Copy exactly the lines of the data below that run from the line holding "1 комплект, порошок" through the line holding "14K Gold Tourmaline", both ends included.
##### Available data
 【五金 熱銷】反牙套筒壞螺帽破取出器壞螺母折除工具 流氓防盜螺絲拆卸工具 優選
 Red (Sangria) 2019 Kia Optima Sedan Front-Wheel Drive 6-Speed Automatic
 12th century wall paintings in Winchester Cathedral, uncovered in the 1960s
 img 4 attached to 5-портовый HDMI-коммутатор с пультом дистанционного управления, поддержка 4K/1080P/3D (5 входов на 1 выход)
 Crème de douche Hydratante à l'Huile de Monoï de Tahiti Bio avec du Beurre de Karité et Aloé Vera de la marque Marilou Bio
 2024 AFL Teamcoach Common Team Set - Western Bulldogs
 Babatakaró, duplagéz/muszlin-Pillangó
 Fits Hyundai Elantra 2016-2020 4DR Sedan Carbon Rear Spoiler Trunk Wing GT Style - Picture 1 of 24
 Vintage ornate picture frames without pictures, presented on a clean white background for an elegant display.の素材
##########
##### Available data
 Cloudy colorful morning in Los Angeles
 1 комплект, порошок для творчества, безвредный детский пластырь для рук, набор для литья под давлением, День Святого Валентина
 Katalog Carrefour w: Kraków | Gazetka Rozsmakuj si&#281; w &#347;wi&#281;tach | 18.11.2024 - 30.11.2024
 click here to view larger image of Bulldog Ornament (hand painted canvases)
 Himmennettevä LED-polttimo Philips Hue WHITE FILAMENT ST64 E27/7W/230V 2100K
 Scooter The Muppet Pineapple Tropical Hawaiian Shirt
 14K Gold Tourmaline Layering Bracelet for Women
##########
- _Answer space_:
 1 комплект, порошок для творчества, безвредный детский пластырь для рук, набор для литья под давлением, День Святого Валентина
 Katalog Carrefour w: Kraków | Gazetka Rozsmakuj si&#281; w &#347;wi&#281;tach | 18.11.2024 - 30.11.2024
 click here to view larger image of Bulldog Ornament (hand painted canvases)
 Himmennettevä LED-polttimo Philips Hue WHITE FILAMENT ST64 E27/7W/230V 2100K
 Scooter The Muppet Pineapple Tropical Hawaiian Shirt
 14K Gold Tourmaline Layering Bracelet for Women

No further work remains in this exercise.